In the second place, a community following the Benedictine rule was supposed to distribute one book annually to each member, and this was to be read over by the nun or monk during the year and then returned.  By this logic, even a small house ought to have at least as many non-liturgical books as it had members.  

For the Iberian kingdoms there seems to be not much known about writing, literacy, or book ownership among nuns at any point in the Middle Ages.  One house I've done research on kept large numbers of medieval charters, but its archive has no medieval books.  Another, in contrast, has many liturgical books and a few other devotional books still in its own archive.  The dislocations of the 19th and 20th centuries might have caused books to be lost or destroyed, or moved into larger collections.  Some translations of the Benedictine rule into Catalan might have been made for a women's monastery, for example.  There is, I think, a lot that could be done on this topic, though I don't know if I am the right person to do it.
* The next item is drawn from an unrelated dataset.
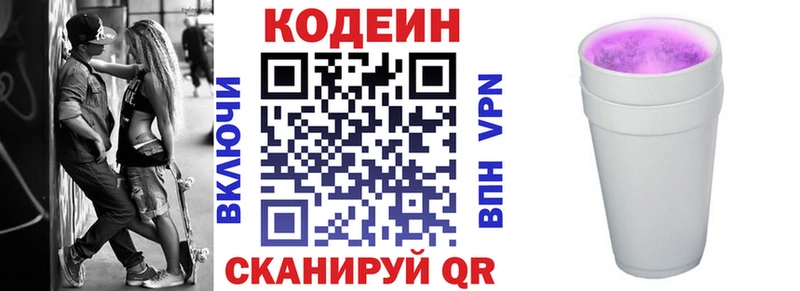 Кодеин Purple Drank omg как войти Ижевск как найти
A parting note: a lengthy article on the Benedictine congregation in Catalonia indicated that copies of the orders constitutions were kept in the two largest nunneries associated with the congregation. Why them particularly? Is that somehow a testament to the quality of the nuns' libraries or record-keeping?
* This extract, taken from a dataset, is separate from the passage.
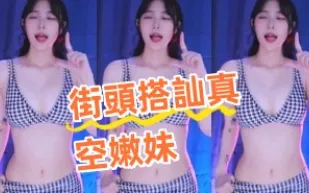 kbj-24081410 街頭搭訕真空嫩妹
Apologies for the somewhat disconnected thoughts, I am still feeling my way on these questions.

3 comments:

heu mihi said...

Hi there--just wanted to say Hello and that I've recently started reading your blog. I don't work on nuns specifically, but a lot of them have found their way into my research--the Helfta women in particular. It sounds like you have some interesting stuff going on; I look forward to reading more!

clio's disciple said...

Thanks, and welcome! I've read your blog for a few months, but just started mine recently.

Anonymous said...

Some suggestions for the early Middle ages on the Continent, focussing on Chelles but also Hildegard and some of the Ottonian houses, you can get from Rosamond McKitterick, "Nuns' Scriptoria in England and Francia in the Eighth Century" in Francia Vol. 19 (1989), pp. 1-35, and eadem
"Frauen und Schriftlichkeiten im Frühmittelalter" in Hans-Werner Goetz (ed.), Weibliche Lebensgestaltung im fr¨hen Mittelalter (Cologne 1991), pp. 65-118; former repr. & latter transl. and rev. as "Women and Literacy in the Middle Ages" in McKitterick, Books, Scribes and Learning in the Frankish Kingdoms, 6th to 9th Centuries (Aldershot 1994), VII & XIII respectively. But that doesn't cover Iberia. I'm not sure there is anything for Iberia really, the material may well not be there but if it were I can't help thinking it would too easily be ignored. There's nothing in A. Muñoz Fernández (ed.), Las Mujeres en el Cristianismo Medieval: imágenes, teóricas y cauces de actuación religiosa (Madrid 1989) though there ought to be; does Orlandis cover it anywhere? I wouldn't know. (I ought to.)

Some of that may help; alternatively it may be coffee-fuelled copy-and-paste mania. I do apologise if the latter.